Federal government commits to funding LRT Stage 2
Ottawa's Light Rail Transit cleared a major hurdle Friday.
The city's major infrastructure received a big financial boost from the federal government ensuring the viability of the project.
At the Belfast Rail Yard on Friday Prime Minister Justin Trudeau said his government is committed to helping Ottawa extend its light rail. As laid out in the 2017 federal budget, the federal government will give the city more than $1.15 billion to help offset the costs of expanding the LRT network.
"It's a project that will create jobs, nearly 1,000 full-time jobs for people here in Ottawa," Trudeau said.
Provincial Infrastructure Minister Bob Chiarelli was at the funding announcement Friday and said his government's financial commitment is firm.

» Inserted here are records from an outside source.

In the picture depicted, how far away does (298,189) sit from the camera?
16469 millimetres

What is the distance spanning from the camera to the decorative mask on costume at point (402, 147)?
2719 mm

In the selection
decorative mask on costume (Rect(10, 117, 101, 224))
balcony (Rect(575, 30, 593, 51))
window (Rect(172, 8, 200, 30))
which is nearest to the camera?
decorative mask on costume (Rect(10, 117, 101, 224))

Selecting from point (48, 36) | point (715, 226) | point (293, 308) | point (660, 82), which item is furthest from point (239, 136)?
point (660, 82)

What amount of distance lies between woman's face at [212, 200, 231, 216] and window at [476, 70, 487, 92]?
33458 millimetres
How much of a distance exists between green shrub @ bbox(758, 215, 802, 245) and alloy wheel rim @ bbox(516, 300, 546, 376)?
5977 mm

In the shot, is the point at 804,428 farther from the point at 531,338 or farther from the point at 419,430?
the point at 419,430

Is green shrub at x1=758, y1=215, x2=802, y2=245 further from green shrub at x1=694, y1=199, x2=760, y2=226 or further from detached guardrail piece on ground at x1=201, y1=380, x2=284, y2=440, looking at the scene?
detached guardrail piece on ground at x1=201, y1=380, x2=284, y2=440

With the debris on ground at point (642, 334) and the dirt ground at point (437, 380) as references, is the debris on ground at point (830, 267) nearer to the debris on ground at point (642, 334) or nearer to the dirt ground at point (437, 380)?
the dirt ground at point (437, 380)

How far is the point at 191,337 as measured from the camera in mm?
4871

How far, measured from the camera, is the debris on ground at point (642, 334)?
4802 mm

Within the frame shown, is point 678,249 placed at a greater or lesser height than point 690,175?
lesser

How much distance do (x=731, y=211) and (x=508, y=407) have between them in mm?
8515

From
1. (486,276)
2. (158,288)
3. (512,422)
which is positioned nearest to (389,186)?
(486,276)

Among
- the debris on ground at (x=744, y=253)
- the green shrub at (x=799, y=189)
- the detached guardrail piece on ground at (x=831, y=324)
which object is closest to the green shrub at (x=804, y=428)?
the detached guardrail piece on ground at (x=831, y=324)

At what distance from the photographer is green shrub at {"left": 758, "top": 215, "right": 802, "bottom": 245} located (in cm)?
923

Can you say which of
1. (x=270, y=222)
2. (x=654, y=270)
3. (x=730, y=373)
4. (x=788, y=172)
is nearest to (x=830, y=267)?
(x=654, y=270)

At a price tag of $3.6 billion, Stage 2 LRT is poised to become the biggest infrastructure project in the city's history. It was approved unanimously by council in March.
The project also includes a link to the Ottawa-MacDonald International Airport. The airport authority will pay to build a station on its premise while the federal and provincial governments will provide the funds necessary to build the airport LRT spur.
According to the city of Ottawa, travel between the downtown core and the Airport will take approximately 40 minutes and require two transfers, one at South Keys and one at Bayview Station.
Travel time from Moodie Station to the Airport will take approximately 55 to 60 minutes, while the return trip from the Airport to Moodie Station would be approximately 50 to 55 minutes.
Air travellers heading to the Airport from Trim Station can expect a trip of approximately 65 minutes, with a return trip estimated at approximately 60 minutes, the city said.
Funding for this project has been in the works for years. Back in 2015, the Conservative Government pleged up to $1 billion to fund stage two. Asked about the campaign promise, Watson said Friday's federal committment is different.
"This announcement is different because it's actually real money," Watson said in a post-presentation interview. "It was a paper announcement by the previous government, nothing went through Treasury Board. Actually the program announced by the previous government didn't even exist."
Stage 2 LRT will also include work to widen Highway 174 and Highway 417 from Maitland Avenue to the connection at Highway 416, and an extension to Trim Road in the East. The mayor said some of that work has already begun.
The city expects shovels to be in the ground on Stage 2 by 2019.
Ottawa Mayor Jim Watson said that once completed, more than 70 per cent of Ottawa's population will live within 5 kilometres of an LRT station.
Stage 2 will add 30 kilometres of track and 19 new stations on the O-train line.